EXERCISE BRIEF:
Restate all the data word for word and omit the pictures.

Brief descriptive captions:
* * * * * * *
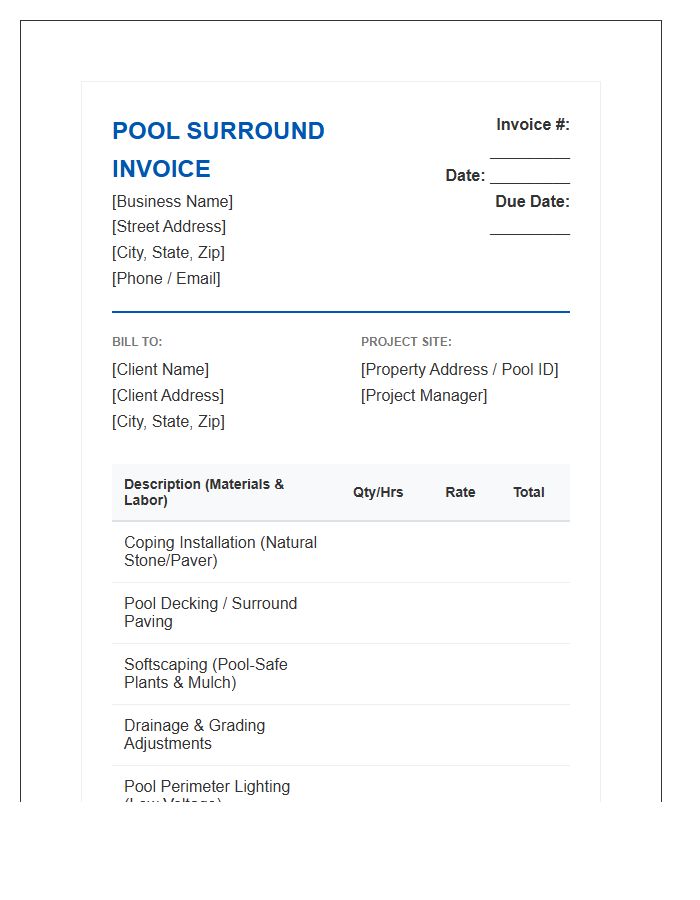 Pool Surround Landscaping Invoice Template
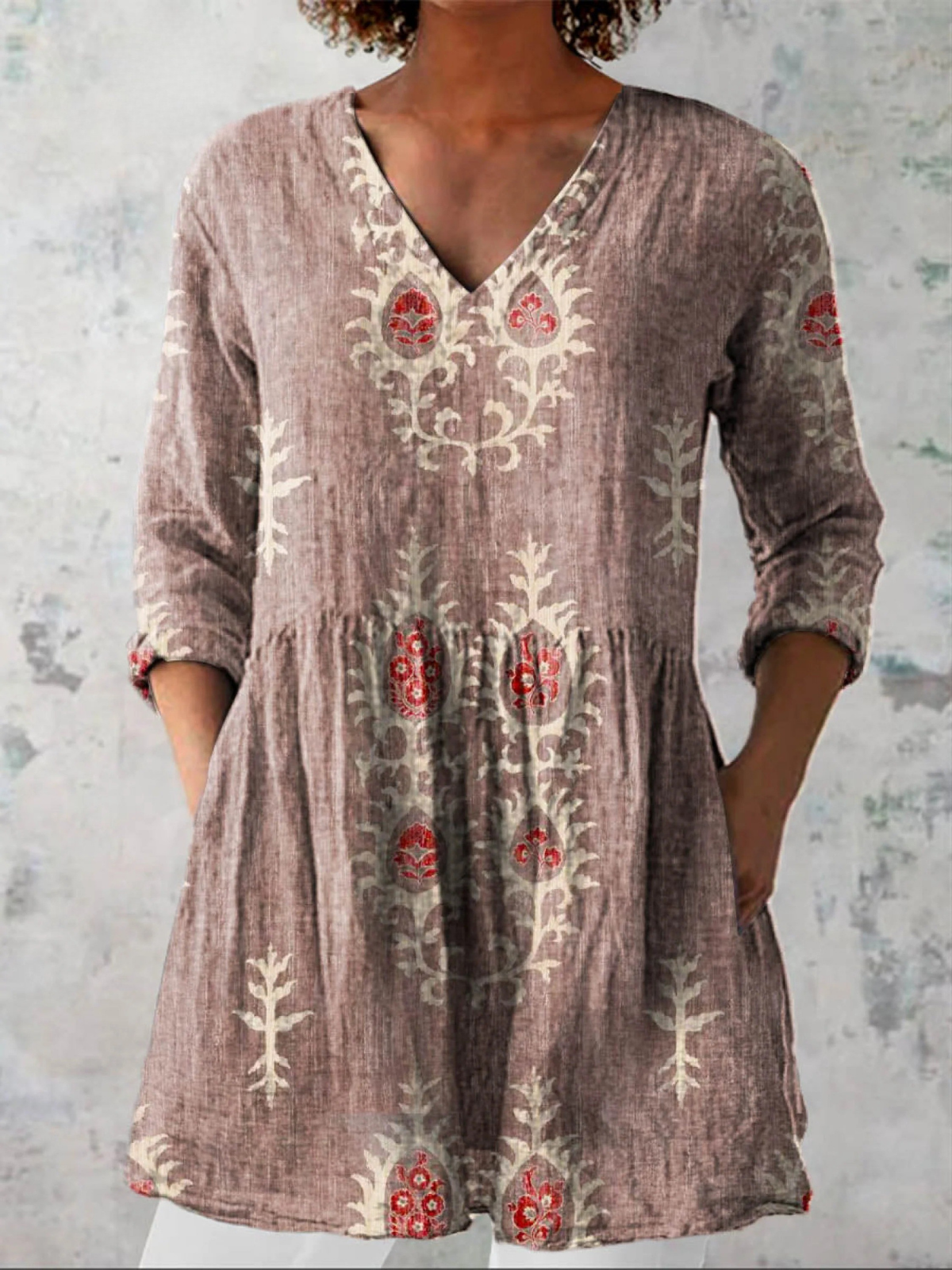 Long Blouse with V-Neck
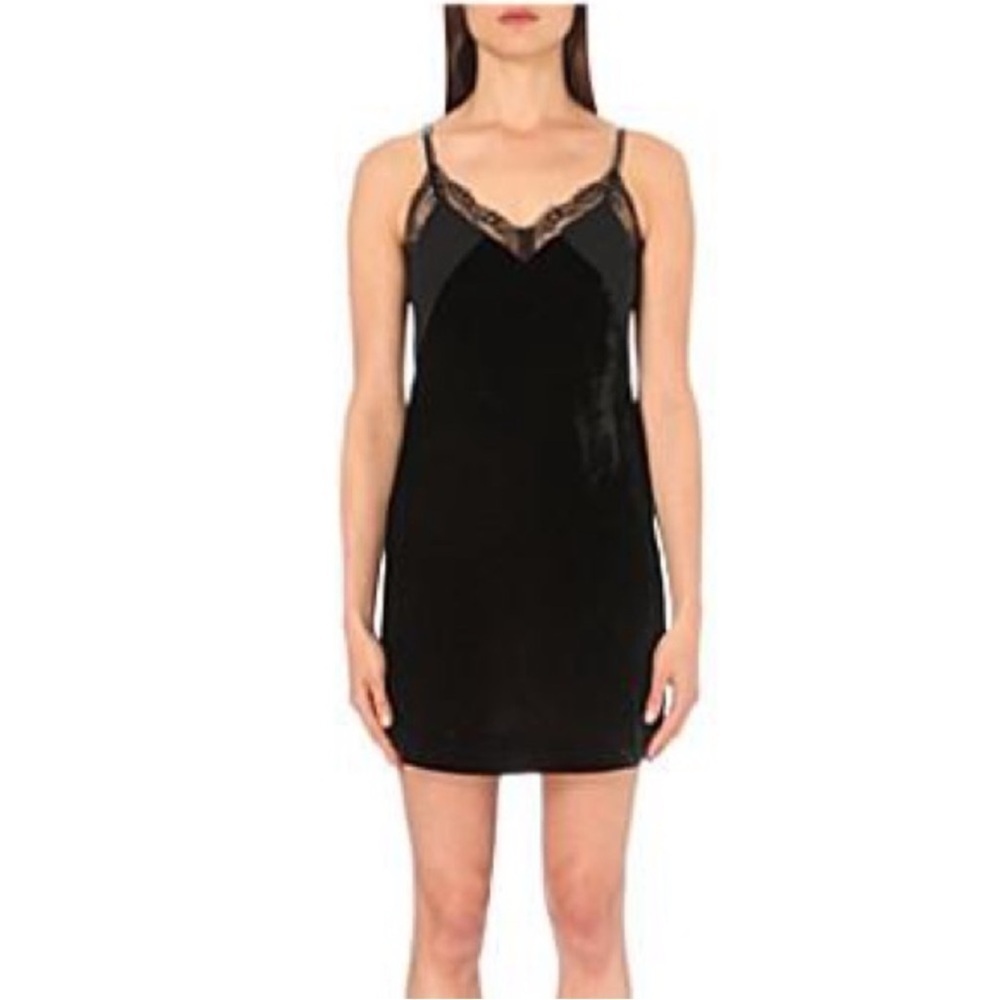 MAJE Ruiza Velvet Slip Dress Lace Lingerie Dress Sz 1 Small
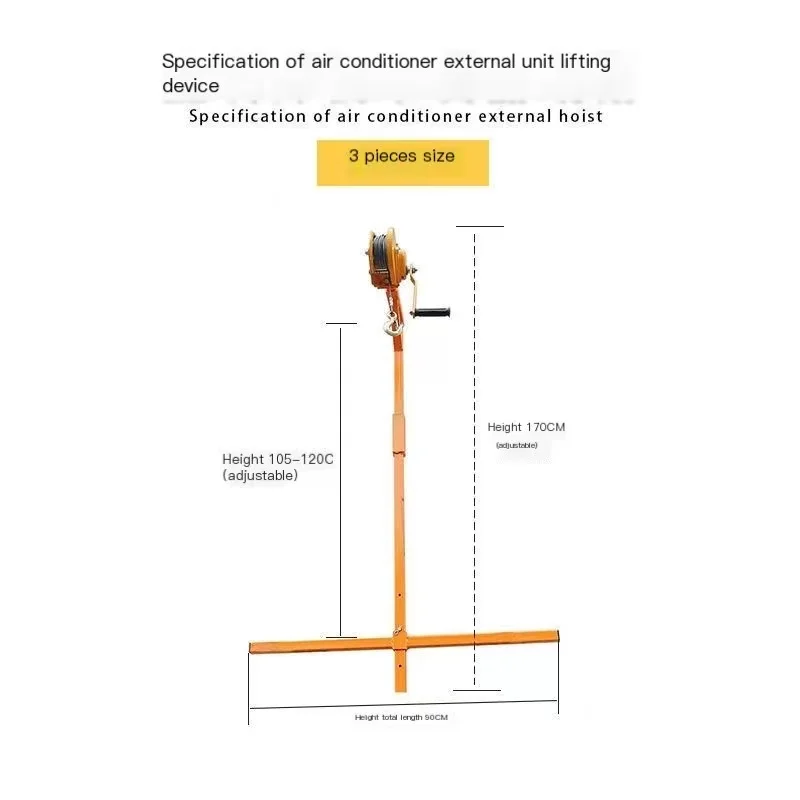 Imagem -06 - Ferramenta de Elevação para Instalação Externa Galvanizada Guindaste Dobrável Guincho Manual de Travamento Automático ar Condicionado de Montagem 10 m 15m 25m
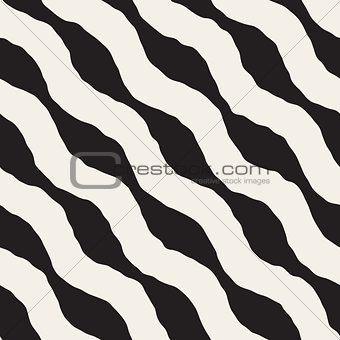 Vector Seamless Black and White Hand Drawn Wavy Diagonal Stripes Pattern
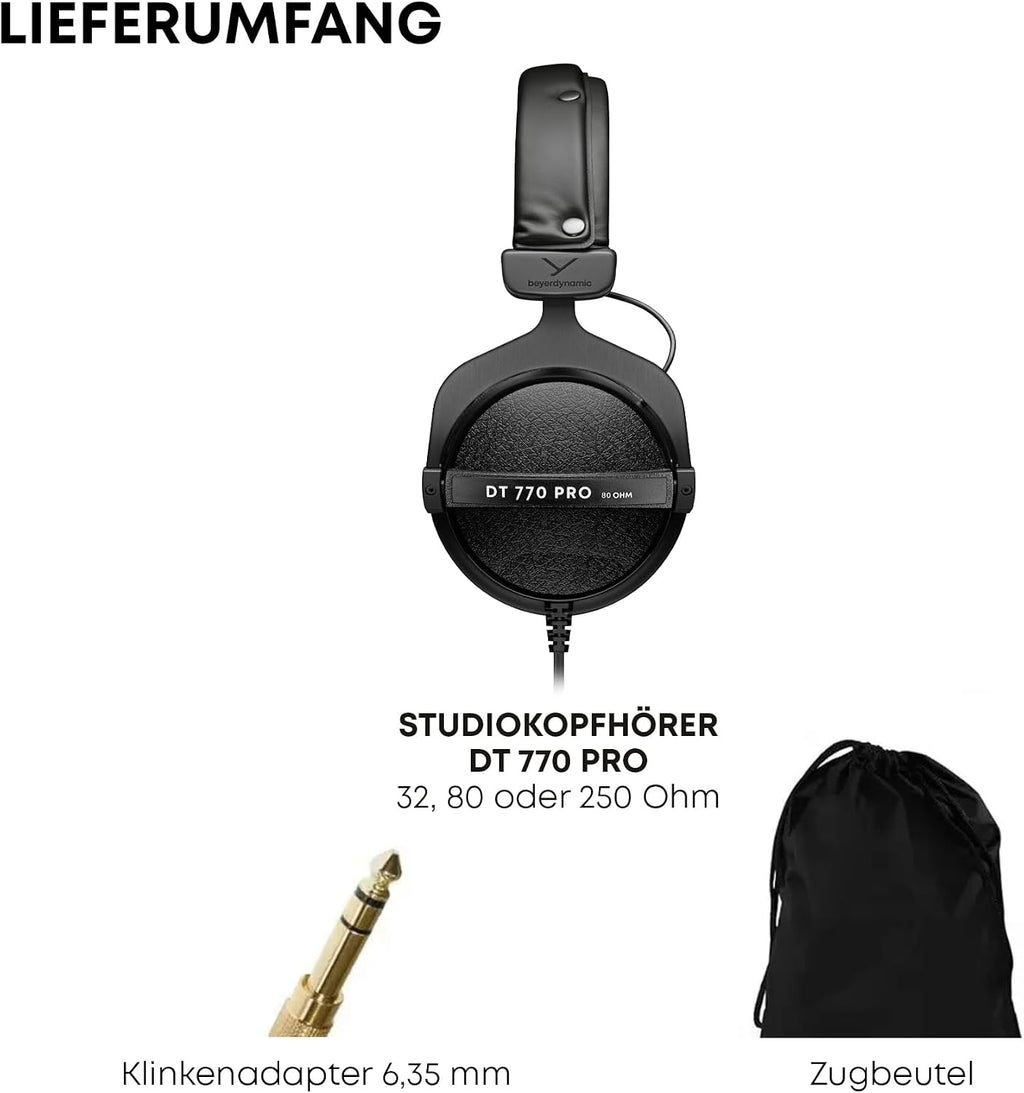 Beyerdynamic DT 770 PRO Over-Ear Studio Headphones in Black Closed design, wired for professional recording and monitoring. | Closed design, 80 ohm impedance, bass reflex system, velour ear pads, interchangeable parts, made in Germany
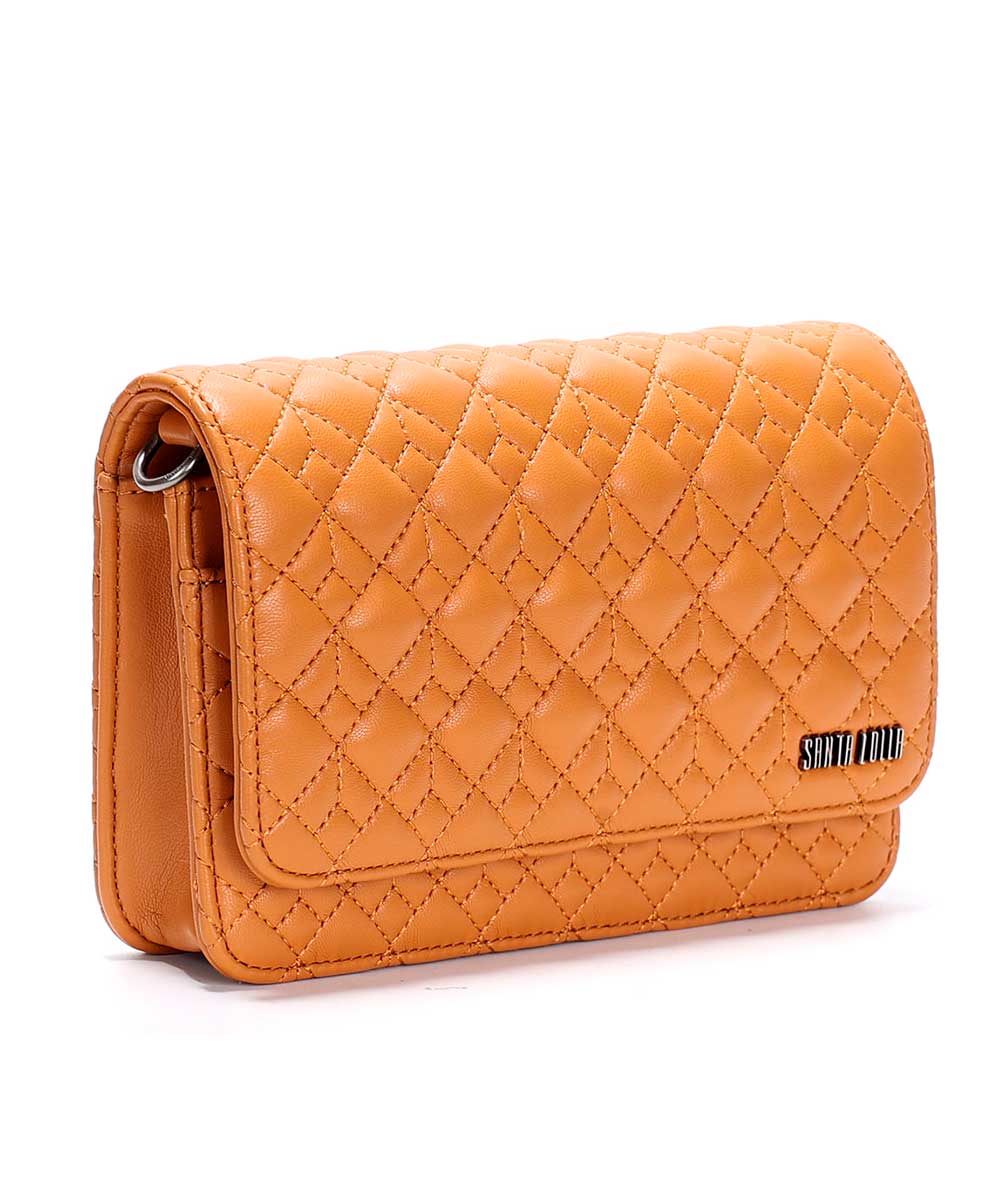 Bolsa Transversal Santa Lolla Alça Corrente Caramelo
* * * * * * *
ANSWER SECTION:
 Pool Surround Landscaping Invoice Template
 Long Blouse with V-Neck
 MAJE Ruiza Velvet Slip Dress Lace Lingerie Dress Sz 1 Small
 Imagem -06 - Ferramenta de Elevação para Instalação Externa Galvanizada Guindaste Dobrável Guincho Manual de Travamento Automático ar Condicionado de Montagem 10 m 15m 25m
 Vector Seamless Black and White Hand Drawn Wavy Diagonal Stripes Pattern
 Beyerdynamic DT 770 PRO Over-Ear Studio Headphones in Black Closed design, wired for professional recording and monitoring. | Closed design, 80 ohm impedance, bass reflex system, velour ear pads, interchangeable parts, made in Germany
 Bolsa Transversal Santa Lolla Alça Corrente Caramelo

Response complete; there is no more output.